## WHAT YOU SHOULD DO
Work through the listing below and give again exactly the lines from the one with "Naklejka premium Hand" to the one with "Dr Martens Vintage", both ends included. All other lines and all pictures stay out.

*** Opening of LISTED ENTRIES ***

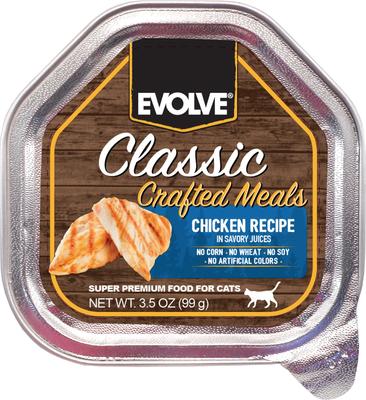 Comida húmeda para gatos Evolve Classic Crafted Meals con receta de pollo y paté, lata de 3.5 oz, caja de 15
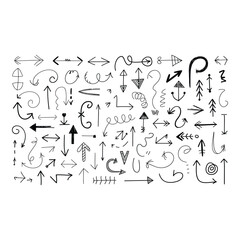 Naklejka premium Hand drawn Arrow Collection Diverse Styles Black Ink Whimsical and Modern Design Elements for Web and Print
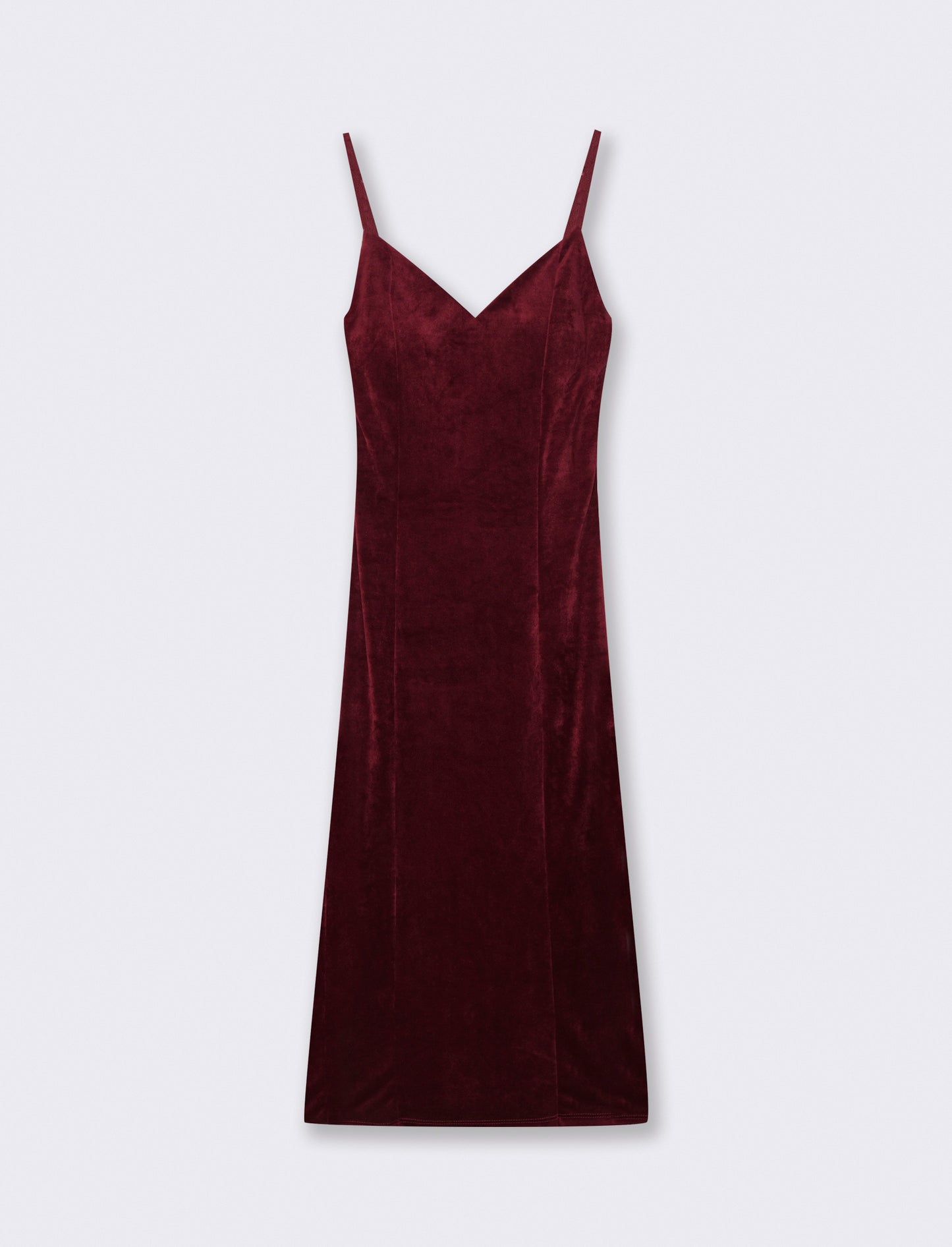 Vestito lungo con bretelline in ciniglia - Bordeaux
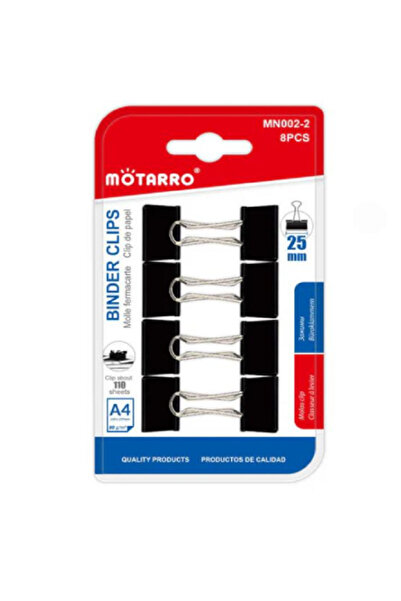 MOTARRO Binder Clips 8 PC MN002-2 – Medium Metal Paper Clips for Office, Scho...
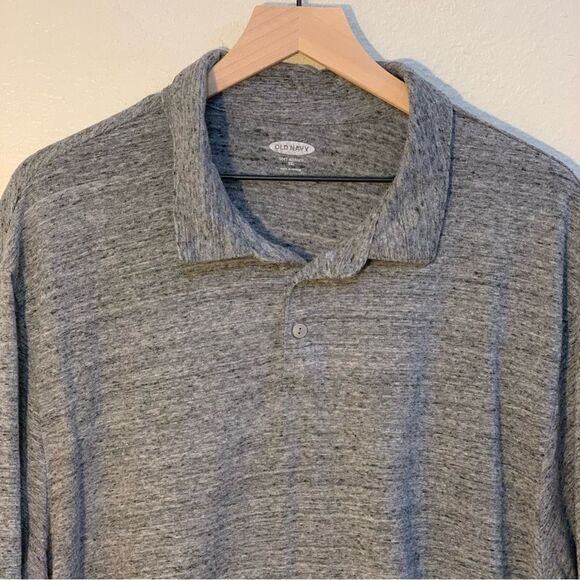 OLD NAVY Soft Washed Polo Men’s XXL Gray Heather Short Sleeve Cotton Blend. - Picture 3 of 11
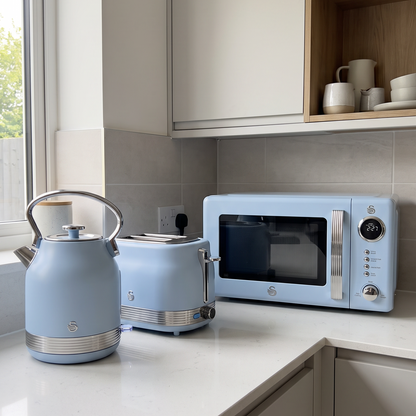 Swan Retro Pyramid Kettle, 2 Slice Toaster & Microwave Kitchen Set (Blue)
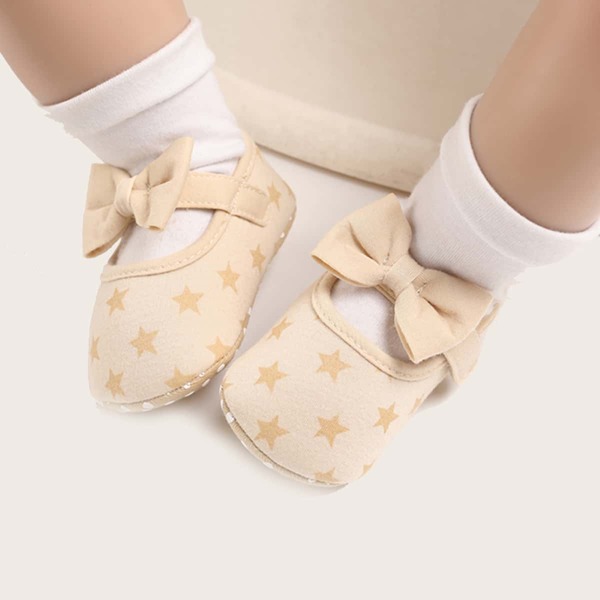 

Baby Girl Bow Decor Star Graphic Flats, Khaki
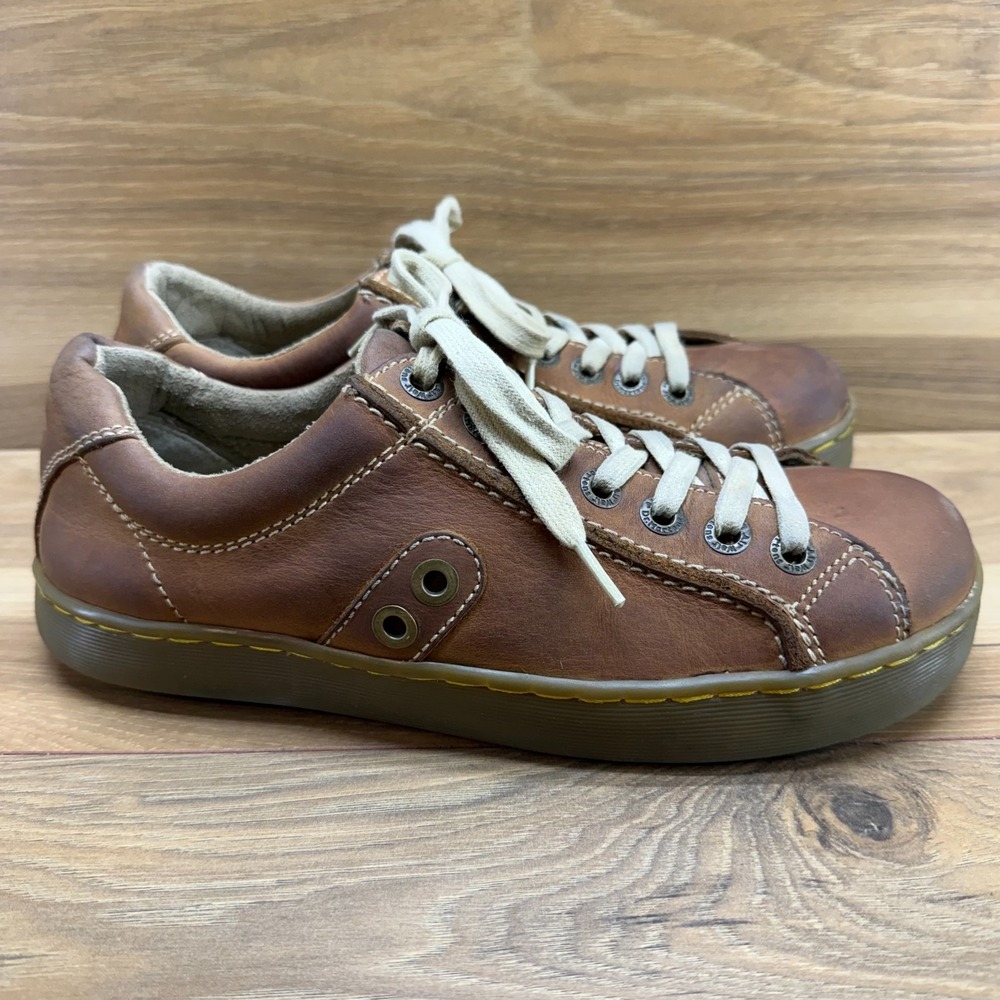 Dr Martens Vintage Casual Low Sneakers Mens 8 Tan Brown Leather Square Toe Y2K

*** Close of LISTED ENTRIES ***
*** Opening of LISTED ENTRIES ***

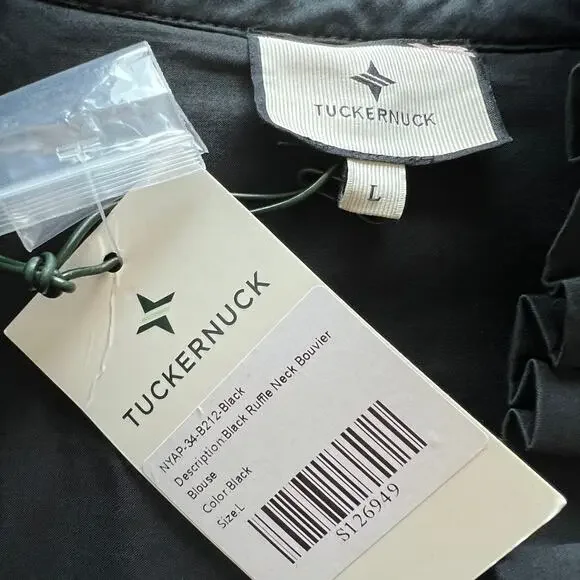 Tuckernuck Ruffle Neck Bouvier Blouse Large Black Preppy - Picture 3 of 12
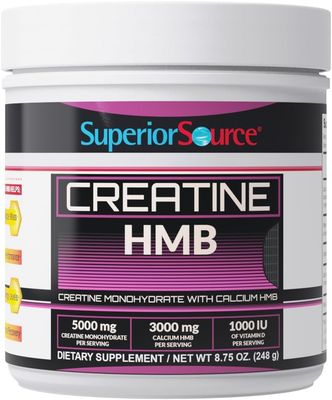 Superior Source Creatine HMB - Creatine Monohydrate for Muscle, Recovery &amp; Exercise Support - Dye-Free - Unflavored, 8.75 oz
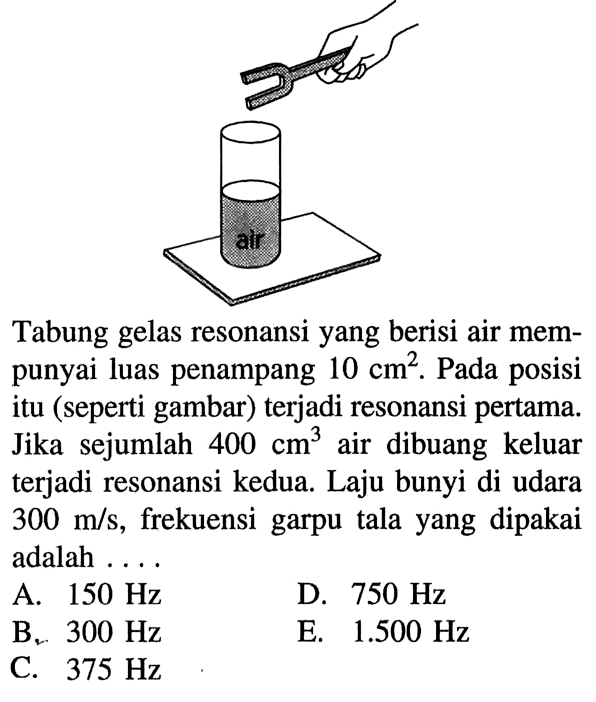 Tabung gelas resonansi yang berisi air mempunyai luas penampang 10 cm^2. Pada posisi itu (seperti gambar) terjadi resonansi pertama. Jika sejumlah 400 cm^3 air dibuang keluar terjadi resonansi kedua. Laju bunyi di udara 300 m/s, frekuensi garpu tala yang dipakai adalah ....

*** Close of LISTED ENTRIES ***
*** Opening of LISTED ENTRIES ***

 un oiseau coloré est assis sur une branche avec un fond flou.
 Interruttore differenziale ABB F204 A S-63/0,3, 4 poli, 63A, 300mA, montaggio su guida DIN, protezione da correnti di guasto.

*** Close of LISTED ENTRIES ***

## RESULT BELOW
 Naklejka premium Hand drawn Arrow Collection Diverse Styles Black Ink Whimsical and Modern Design Elements for Web and Print
 Vestito lungo con bretelline in ciniglia - Bordeaux
 MOTARRO Binder Clips 8 PC MN002-2 – Medium Metal Paper Clips for Office, Scho...
 OLD NAVY Soft Washed Polo Men’s XXL Gray Heather Short Sleeve Cotton Blend. - Picture 3 of 11
 Swan Retro Pyramid Kettle, 2 Slice Toaster & Microwave Kitchen Set (Blue)

Baby Girl Bow Decor Star Graphic Flats, Khaki
 Dr Martens Vintage Casual Low Sneakers Mens 8 Tan Brown Leather Square Toe Y2K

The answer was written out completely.